Hundreds of marchers gathered Friday evening in support of Randy Cox, a man paralyzed in the back of a New Haven police van, hours after the family said they want civil rights charges filed against the officers involved in the incident.
“If I say my neck is broke, don’t take it as a joke,” protesters chanted as they marched from Stetson Public Library to the New Haven police department.
Cox's family said Friday that the New Haven police department's newly announced reforms don't go far enough — that the department needs a deeper culture change.
New Haven's mayor and newly appointed Chief of Police Karl Jacobson met protesters at the police department and expressed support for the march.
Cox, 36, was in the back of the van without seat belts last month when the driver braked suddenly to avoid a collision, authorities said. Cox flew headfirst into a wall of the van. Family members said he remains paralyzed from the chest down.
New Haven's reforms announced Thursday, include requiring that officers follow posted speed limits and that they don't use electronic devices while driving. Officers also have to ensure prisoners are wearing seatbelts, and must check on their physical health throughout the detention process.
Cox’s sister, LaToya Boomer, questioned why police officers need to be forced to act with compassion.
“Why do you need a policy that says when someone needs help, you give them help?” Boomer said at a Friday morning news conference. “Him saying, ‘I think my neck is broken’ should be the end of discussion.”
Scot X. Esdaile, president of the Connecticut NAACP, said he agreed that there’s a deeper culture issue within the police department.
“When they dragged him out of the van by his legs, and when they threw him into the wheelchair — that’s a whole culture in the New Haven Police Department,” Esdaile said. “That’s a compassion issue. That’s a character issue.”

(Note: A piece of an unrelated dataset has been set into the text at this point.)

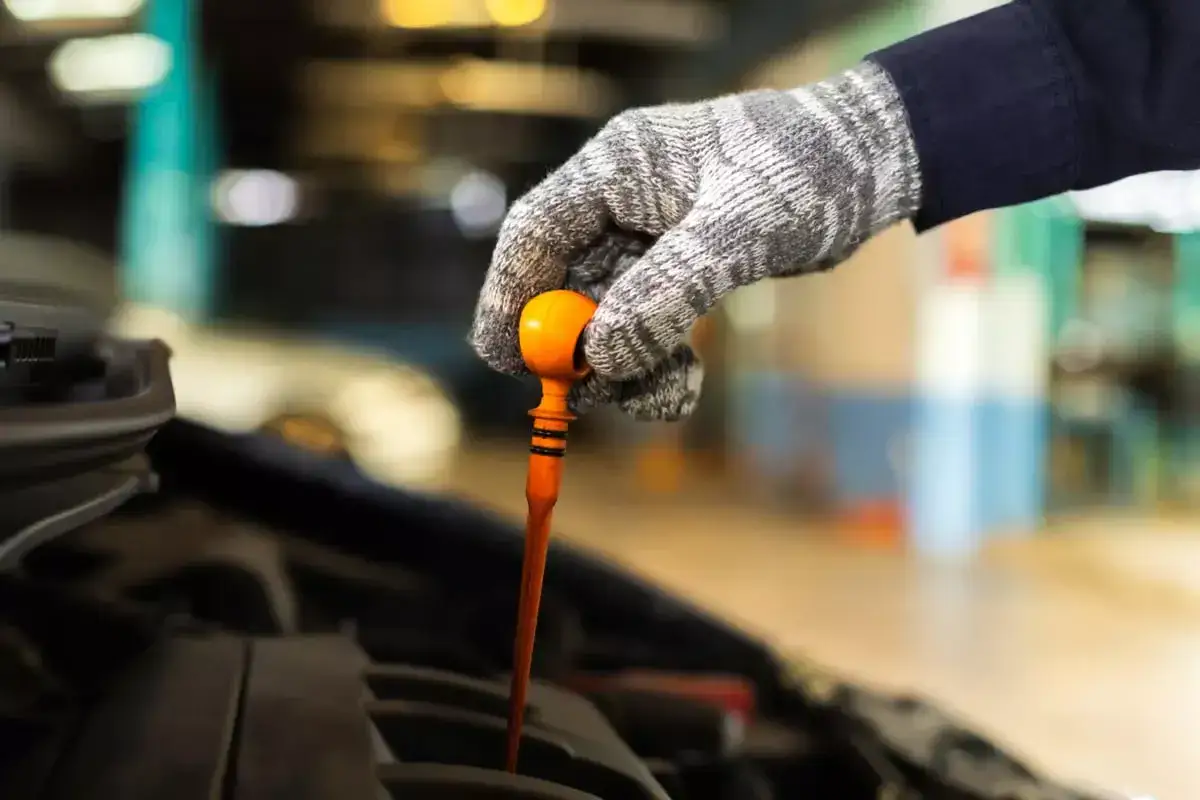 Ile oleju do silnika? Sprawdź i uzupełnij krok po kroku!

Justin Elicker, mayor of New Haven, said during a question-and-answer session on Friday that every officer he had spoken to agrees that the incident was unacceptable. And he agreed that the department needs a culture change.

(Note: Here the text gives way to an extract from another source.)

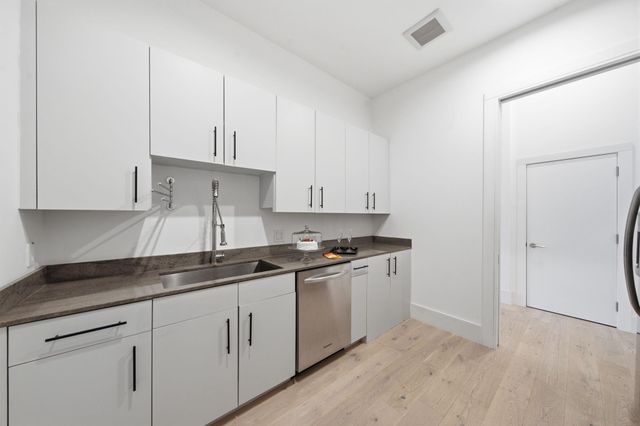 1601 Pine Chase Drive, Houston, TX 77055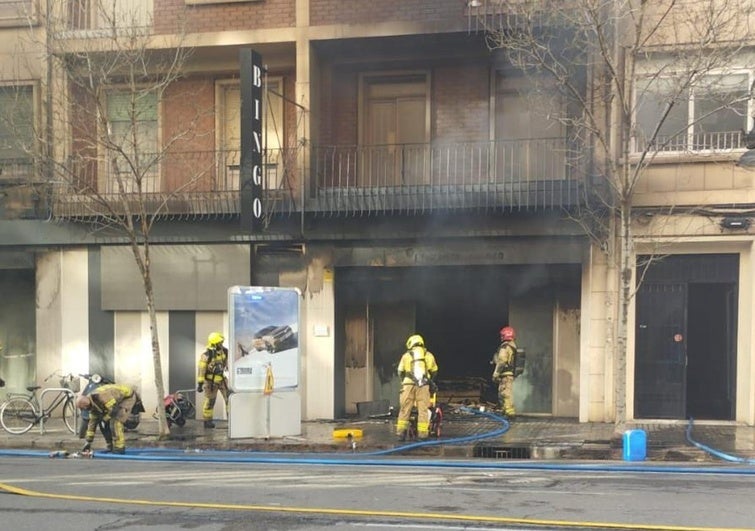 Efectivos de Bomberos continúan trabajando en el incendio.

“Policies help lay the foundation, but it’s much more than that,” Elicker said. “It’s about the people that we recruit, the culture that we foster within the police department. It’s about holding those officers that don’t align with those values accountable when there’s an issue.”
Esdaile also argued that these policies may be difficult to enforce.
“The New Haven police department has been bullies for many years,” Esdaile said. “There’s a culture in the New Haven police department. We’ve seen where leadership has tried to make [changes] in the past, police officers would call out sick, and the officers would go in before the mayor and turn all their sirens on to show the mayor that they weren’t going to make any changes — that ‘you don’t mess with us.’”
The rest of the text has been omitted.